*** Opening Task inputs ***
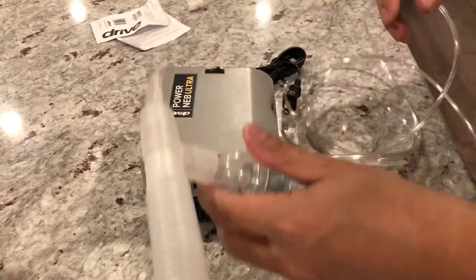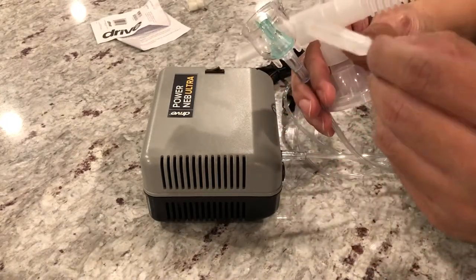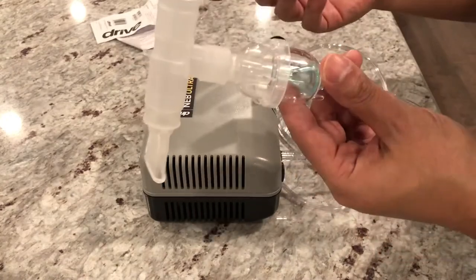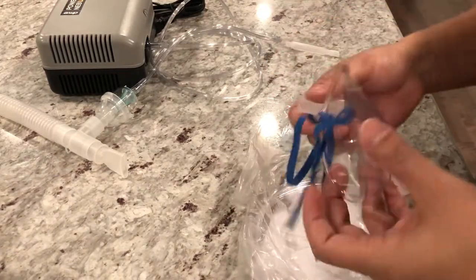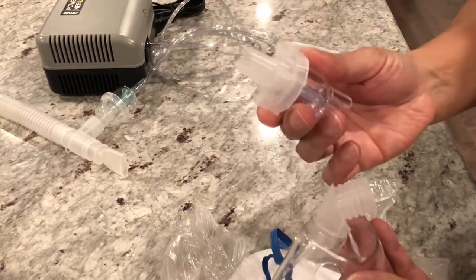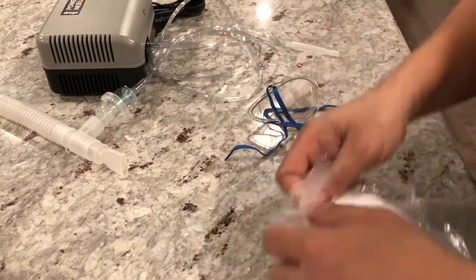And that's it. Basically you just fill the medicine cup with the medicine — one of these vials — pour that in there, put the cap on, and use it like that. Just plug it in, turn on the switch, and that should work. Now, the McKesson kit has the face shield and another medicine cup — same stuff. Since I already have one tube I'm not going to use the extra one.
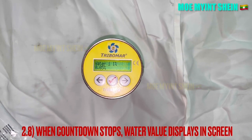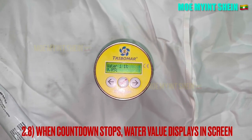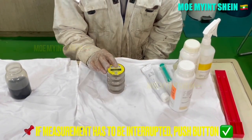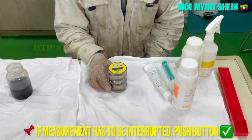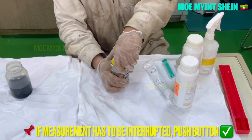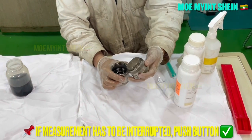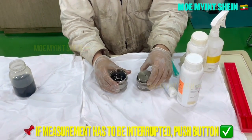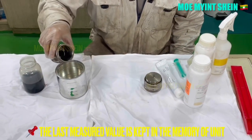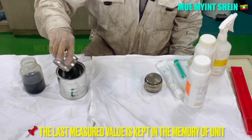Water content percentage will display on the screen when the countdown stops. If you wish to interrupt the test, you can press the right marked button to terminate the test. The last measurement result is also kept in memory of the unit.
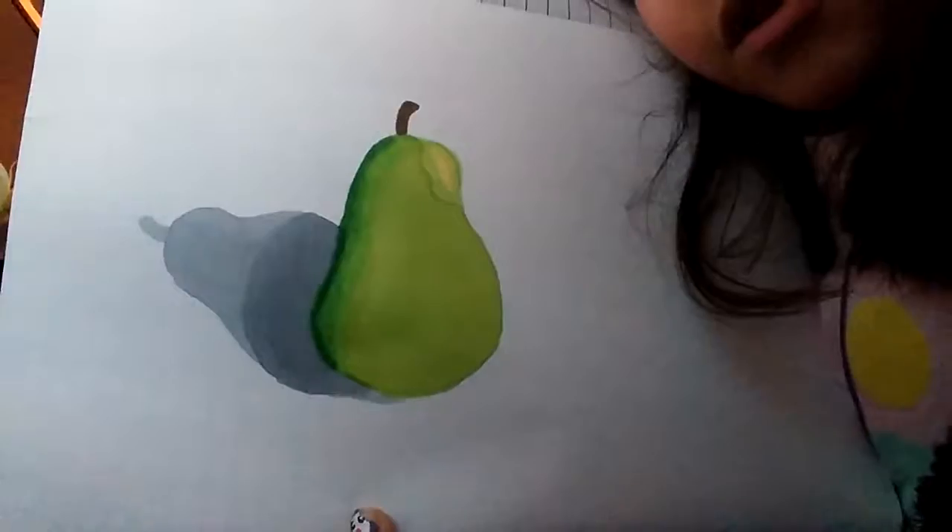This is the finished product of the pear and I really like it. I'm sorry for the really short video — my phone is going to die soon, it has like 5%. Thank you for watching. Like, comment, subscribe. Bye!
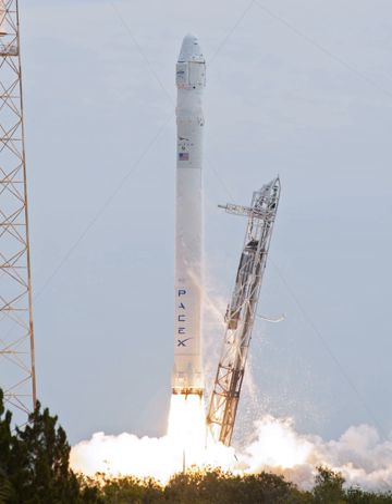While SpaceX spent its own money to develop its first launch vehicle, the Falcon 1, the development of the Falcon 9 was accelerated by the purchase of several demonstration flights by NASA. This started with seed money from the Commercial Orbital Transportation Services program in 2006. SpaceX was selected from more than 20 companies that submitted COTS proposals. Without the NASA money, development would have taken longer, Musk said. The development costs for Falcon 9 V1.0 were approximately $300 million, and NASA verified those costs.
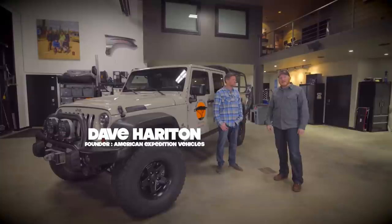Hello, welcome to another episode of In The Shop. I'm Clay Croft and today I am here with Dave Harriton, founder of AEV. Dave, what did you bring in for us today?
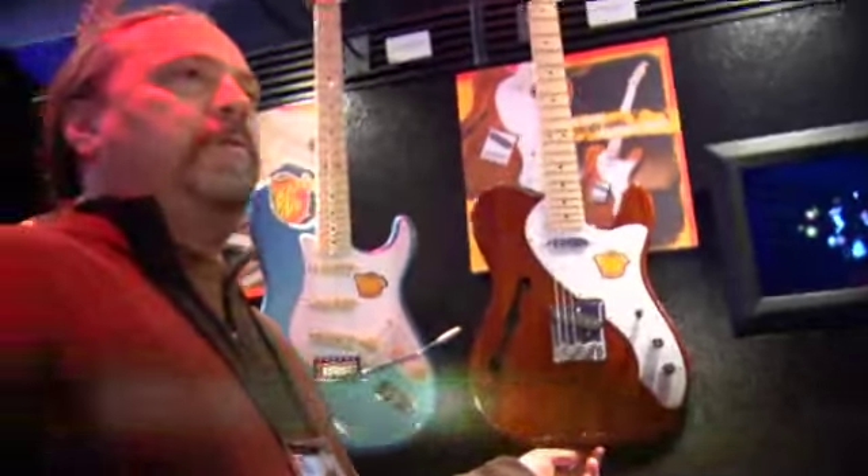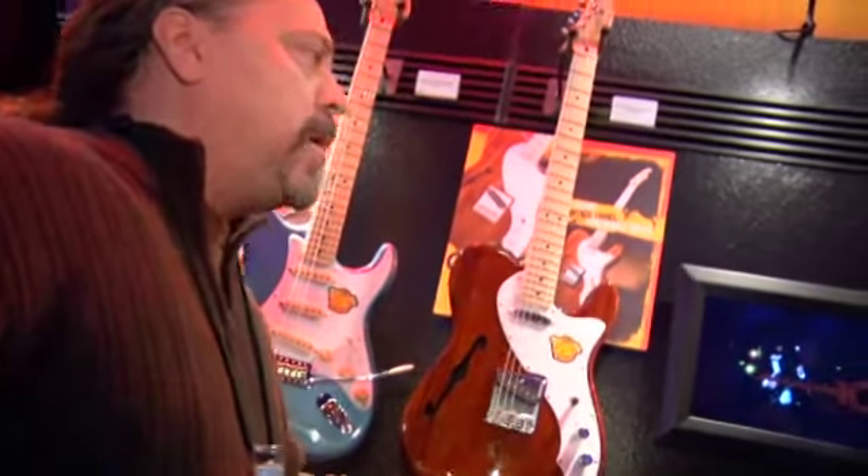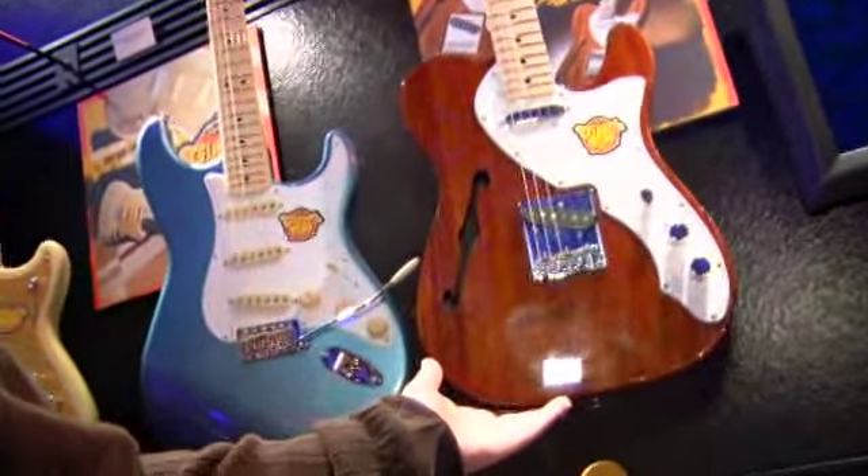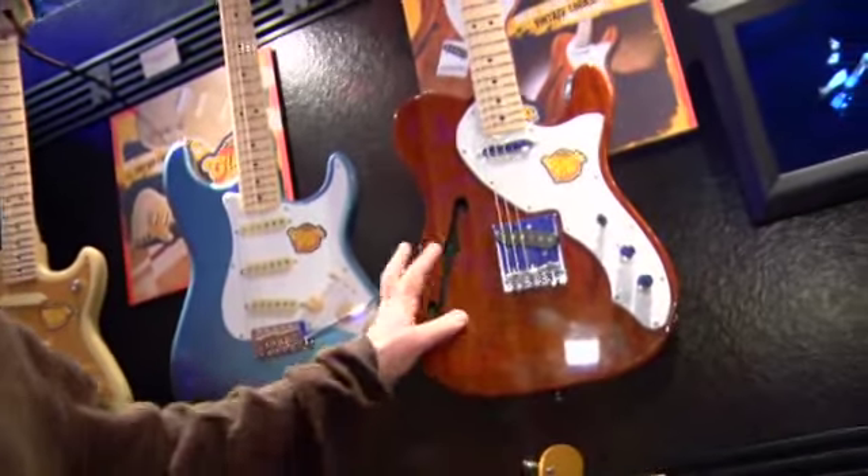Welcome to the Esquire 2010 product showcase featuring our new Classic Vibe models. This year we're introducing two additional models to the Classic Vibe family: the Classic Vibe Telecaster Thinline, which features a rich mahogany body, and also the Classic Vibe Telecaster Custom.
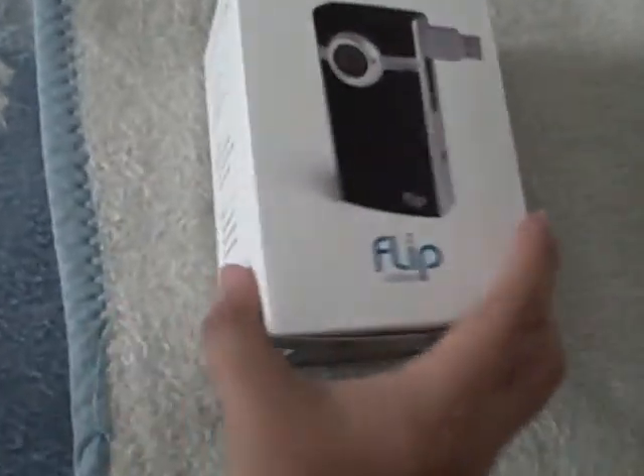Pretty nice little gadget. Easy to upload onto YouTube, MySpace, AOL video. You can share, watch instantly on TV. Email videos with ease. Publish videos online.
*** Closing Task inputs ***
Look at the listing and set down only the lines from its start through the line with "Water content percentage", word for word and without pictures.

And that's it. Basically you just fill the medicine cup with the medicine — one of these vials — pour that in there, put the cap on, and use it like that. Just plug it in, turn on the switch, and that should work. Now, the McKesson kit has the face shield and another medicine cup — same stuff. Since I already have one tube I'm not going to use the extra one.
Water content percentage will display on the screen when the countdown stops. If you wish to interrupt the test, you can press the right marked button to terminate the test. The last measurement result is also kept in memory of the unit.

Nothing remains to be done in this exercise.